A gift of music to Nepali children

Tune in and turn up support for education, say visiting classical musicians

The original dream of Gerwig & González was to bring a grand piano from Germany, and fly it around Nepal from one school performance to another using a military helicopter. That idea was not very practical, so they settled on an electronic keyboard to leave behind in Nepal after their visit.

For the classical musicians from Germany and their two children, the experience does not sound at all like a failure — they were already making new plans for inspiring the growth of music in Nepal before flying home after a busy 15 days with the Kathmandu Jazz Conservatory (KJC) last month.

Sitting on a couch during a rare break in their schedule, Efraín González describes visiting a school outside the Valley where one of the teachers sat at the keyboard and played the Nepal national anthem with one hand. That sparked the idea to train at least one teacher in every school in Nepal to be able to perform the anthem daily on a simple keyboard.

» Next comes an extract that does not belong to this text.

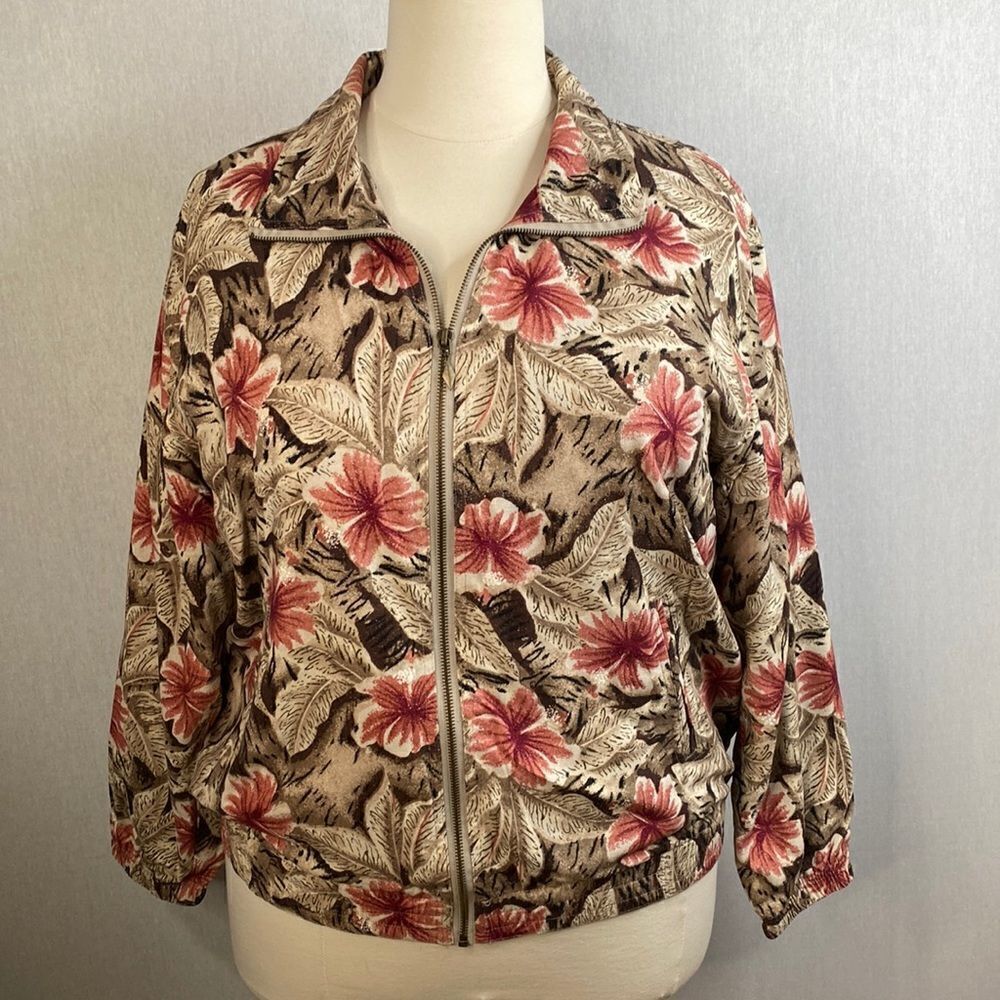 Vintage Vital Zone Women’s Floral Pink & Brown Lightweight Jacket. Like New!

“Why not? Why shouldn’t we dream big?” González asks with the passion that obviously drove this latest musical mission to Nepal.

Photos: Efraín González

The pair, based in Germany, say they were impressed by the talent and potential of the Kathmandu Jazz Conservatory (KJC), but disappointed that the school does not have more resources for instruments and teachers.  There are only three grand pianos in Kathmandu, and a city this size could do with more.

“There are millions of dollars for playing football and for running elections, there are billionaires who have way too much, and yet we have to work so hard to get just a little money for music education,” said González.

Christine Gerwig, from Germany, and Efraín González Ruano, Mexico, (right) have been making music together for 10 years. The duo perform in concert halls and festivals throughout the world, and also regularly conduct workshops for children in schools in Germany and Mexico.

The family worked hard raising money for the trip to Nepal, which Gonzalez had been dreaming about for years. Crowdfunding raised enough cash to cover costs for the parents and Alejandro, 11, a pianist, and daughter Valeria, 9, who plays both violin and piano. It also enabled them to donate the electronic piano. Donations came from friends and friends of friends worldwide, including a supporter in India who paid for two air tickets.

The concert that the family performed at KJC as part of the Katjazz International Festival this month was the first time the four shared the stage – including a piano duet for four hands by the parents -- although both children are experienced performers, and have been playing since age 3.

“We were very humbled to host the Gerwig & González at our annual Katjazz Festival,” says KJC’s  Abhisek Bhadra. “We are primarily a contemporary music school but we have actively started to promote western classical music education from this year. We hope to host more musicians and educators as they play a crucial role in realising competent and holistic music education in Nepal.”

Besides visiting two schools, Gerwig & González also held a master class and teaching workshops at KJC. Gerwig remembers one young musician in particular: “He wasn’t a KJC student but he was very good. He said he had taken lessons only for one year and after that he kept learning on his own, because his parents disapproved of him becoming a musician.”

Her message: “If someone finds their passion in music, if it’s really in their heart, then that is what they should do, even if it is difficult to make a living.”

The two say they would love to return to Nepal to continue working with KJC if support can be found. Meanwhile, they hope to continue working with young musicians here via video-link from Germany.